The problem —
Your answer should be every line from the records that contains "white".

Items from a dataset —

>>>>>

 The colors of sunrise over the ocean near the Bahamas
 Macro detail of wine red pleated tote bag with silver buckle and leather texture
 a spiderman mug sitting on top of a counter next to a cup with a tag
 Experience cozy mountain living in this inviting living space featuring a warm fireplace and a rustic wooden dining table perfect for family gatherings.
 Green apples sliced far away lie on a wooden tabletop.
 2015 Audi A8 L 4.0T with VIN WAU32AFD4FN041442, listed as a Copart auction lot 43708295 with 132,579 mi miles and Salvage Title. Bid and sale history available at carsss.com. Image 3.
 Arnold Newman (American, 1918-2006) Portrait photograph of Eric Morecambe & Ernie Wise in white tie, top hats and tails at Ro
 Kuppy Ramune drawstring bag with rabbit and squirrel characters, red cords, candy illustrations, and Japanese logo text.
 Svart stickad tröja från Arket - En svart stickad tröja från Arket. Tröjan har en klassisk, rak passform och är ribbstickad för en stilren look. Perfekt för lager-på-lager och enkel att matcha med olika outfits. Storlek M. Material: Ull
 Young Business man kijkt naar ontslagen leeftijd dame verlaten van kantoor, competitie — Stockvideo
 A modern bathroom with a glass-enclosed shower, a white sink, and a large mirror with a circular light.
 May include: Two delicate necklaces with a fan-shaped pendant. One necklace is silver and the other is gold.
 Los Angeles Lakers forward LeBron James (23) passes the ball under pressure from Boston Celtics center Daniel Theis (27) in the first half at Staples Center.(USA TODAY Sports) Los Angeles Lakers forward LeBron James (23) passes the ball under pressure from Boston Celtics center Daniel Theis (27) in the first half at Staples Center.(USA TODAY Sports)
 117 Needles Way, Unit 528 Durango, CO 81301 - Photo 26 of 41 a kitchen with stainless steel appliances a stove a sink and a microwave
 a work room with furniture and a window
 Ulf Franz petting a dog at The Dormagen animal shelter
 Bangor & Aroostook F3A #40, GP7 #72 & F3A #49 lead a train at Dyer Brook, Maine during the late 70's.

<<<<<

Solution below —
 Arnold Newman (American, 1918-2006) Portrait photograph of Eric Morecambe & Ernie Wise in white tie, top hats and tails at Ro
 A modern bathroom with a glass-enclosed shower, a white sink, and a large mirror with a circular light.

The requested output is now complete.